Por agora, não é claro quantas pessoas estão nesta situação nos diferentes aeroportos norte-americanos, sublinha o NYT, acrescentando porém que organizações como a American Civil Liberties Union ou o National Immigration Law Center já avançaram com queixas judiciais contra a decisão da Administração Trump que, diz o jornal, deixou todos os viajantes muçulmanos numa espécie de “limbo” legal. Os visados da queixa são o Presidente Donald Trump e o secretário de Segurança Interna,

A directora do Council on American-Islamic Relations, Lena Masri, confirmou que a sua organização vai interpor uma queixa contra a Administração na segunda-feira, argumentando que a acção do Presidente viola a Constituição dos Estados Unidos. "Estas detenções são dirigidas contra a comunidade muçulmana, o que é claramente inconstitucional", disse ao jornal The Guardian.
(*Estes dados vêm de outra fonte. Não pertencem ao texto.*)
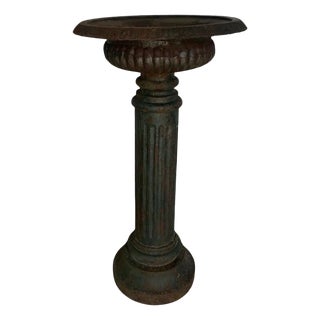 19th Century Cast Iron Urn on Pedestal With Original Green Paint For Sale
Mas um dirigente da Administração, citado sob anonimato pelas agências de notícias, disse que o facto de cidadãos de países muçulmanos como o Afeganistão, Malásia, Omã, Paquistão, Tunísia ou Turquia estarem impedidos de entrar nos Estados Unidos deita por terra esse argumento. "Dezenas de milhares de estrangeiros continuam a poder viajar para os Estados Unidos. A ideia de que se trata de uma proibição de muçulmanos é absurda", considerou.

No maior aeroporto de Nova Iorque, o JFK, dois iraquianos foram os primeiros a ser detidos após a assinatura do decreto de Trump. Um deles, Haneed Khalid Darweesh, trabalhou como intérprete para o Governo norte-americano durante uma década. O outro, Haider Sameer Abdulkhaleq Alshawi, estava a chegar aos EUA para se juntar à mulher, que trabalhou para empresas norte-americanas, e ao filho, ambos já residentes nos EUA.

Ambos foram detidos na sexta, depois de chegarem ao JFK em voos distintos. Além deles, foram detidos 11 refugiados, segundo informou a congressista democrata de Nova Iorque, Nydia Velazquez, que se encontra no aeroporto. Mark Doss, o advogado que representa os dois iraquianos entrou com um pedido de habeas corpus para conseguir a libertação imediata dos seus clientes: Darweesh já foi libertado, mas Alshawi permanece detido, disse o advogado à BBC.